I remember the first ‘easy job’ I had — when I graduated university I was tight on cash and needed a job, any job, to get me through the first few months of post-graduation life while I looked for something more concrete (so much for degrees). I responded to a local job listing for potential ‘call representatives’, which later I would find out was a cold calling position for the provincial Liberal government in Canada. Being a cold caller seemed to me at the time to be the easiest job in the world: all I had to do was read from a script and wait until the person hung up, or declined to participate after my preamble was finished if they were polite enough, and repeat. The first few weeks in the job were a breeze. I worked my 5 or 8 hour shift, picked up my cheque, and went home. Easy money. However, what initially started as an ‘easy job’ became boring, repetitive, mundane….soul-sucking. The work we were doing couldn’t have been less of a challenge, and I slowly grew to despise going in to work. Fortunately for me, the campaign season was short and the gig ended after a month or so, but I learned a valuable lesson from that experience: to have a job without challenge is not only boring to do but hinders your own personal growth, even setting it back. Being challenged, whether it be mentally, physically, or spiritually, is critical to sustainable, meaningful work. Moreover, the opportunity to develop as an employee and as an individual is just as important considering how much time we spend working. There is nothing wrong with taking a job like this, as I did, to make a quick buck, but for a life-long career something more is needed. Choosing a career that challenges you in all the right ways, in both the short-term and long-term, will make your time-for-money transaction worth it.
Work is sustainable and meaningful when it has a continued impact in the way you want. You need to understand what it is, and why, you are seeking a job in a particular field or line of work. Is it the financial potential? The opportunity to do work that you love to do? Is the end product something you deeply believe in? Honestly answering these questions will challenge not only your career path but your life values as well. There is nothing wrong with the pursuit of money — it is a necessary resource for sustaining life, and having more of it generally makes life easier.
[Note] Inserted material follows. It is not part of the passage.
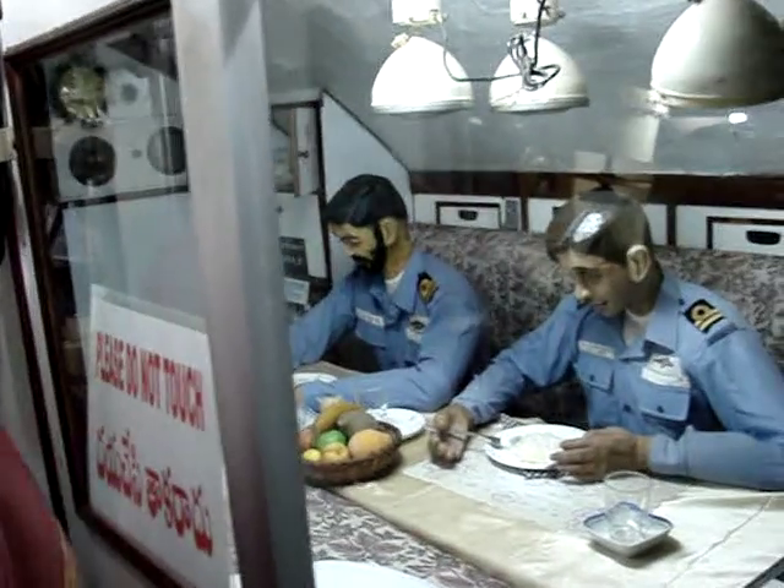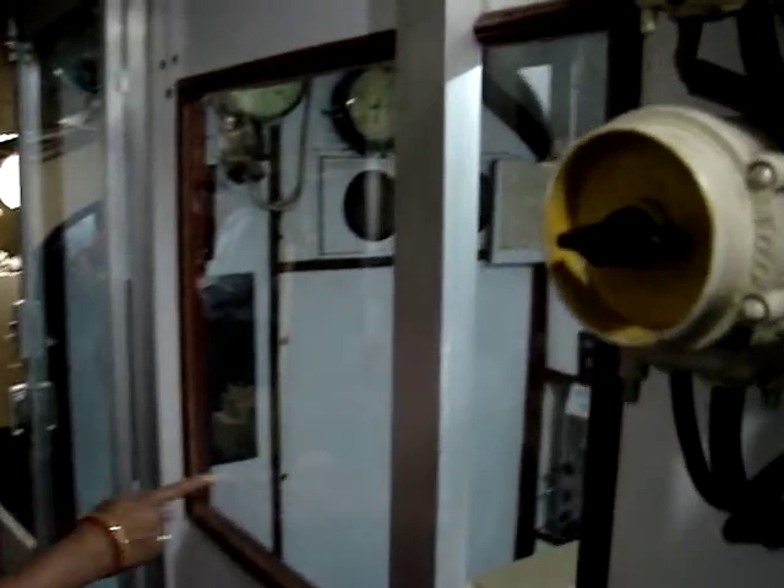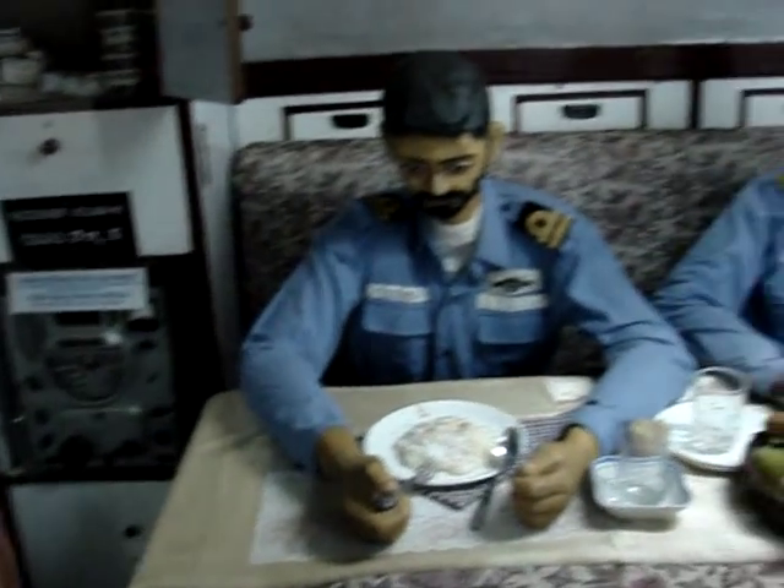This is a submarine. Can you believe it? This is an actual submarine which took one and a half years just to pull it. This is one of its kind in Southeast Asia and we are right into it. This actually has torpedoes. It does have the exact machinery as it was then.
However, it only makes your money problems go away. It will not heal your wounds from past relationships or other internal problems in your life. The pursuit of money in itself can actually introduce new problems and stress in your life that perhaps could have been avoided. In essence, optimizing for money beyond what is necessary is not a principle one should live his life by. You spend the majority of your life working, and as Pope Francis mentioned, work is more than just a means of earning one’s daily bread but a medium through which personal development occurs and meaning can be found. Choosing a career that suits you is critical to a life well-lived.
Use your character, innate strengths, and passions to guide your career trajectory. No matter how hard you work, you will never be able to outperform someone who is obsessed with their work and loves to do it. Some of my favourite citizens of the internet, David Perell and Jack Butcher, hosted a webinar on Finding your Personal Monopoly which covered this topic beautifully. Doubling down on your personal interests and unique quirks, your character, and the things you are good at is the best way to become the best in class in a particular niche because the amount of people with the same interests, strengths, and character as you is likely small. In a way, you are the product. People like Oprah and Gordon Ramsey are so successful because not only do they love the work they do and are great at it, but they were able to integrate their personality and being into their work in an irreplaceable way. Of course, interests and passions change and fade over time, but that is part of the natural and continual process of self-discovery that one must undertake in order to find themselves and their niche. Trying and failing is the best way to learn more about yourself, and what makes you unique will make you standout.
Finding meaningful work is more than just a career journey — it is a journey of self-discovery and self-development. There is opportunity to learn and grow in all lines of work, even in the work that might not necessarily excite you. But in the long-game, think purposefully about what you want your daily life to look like and what kind of work excites you. It will make it easier to get out of bed in the morning and the sense of direction and growth will bleed into all aspects of your life.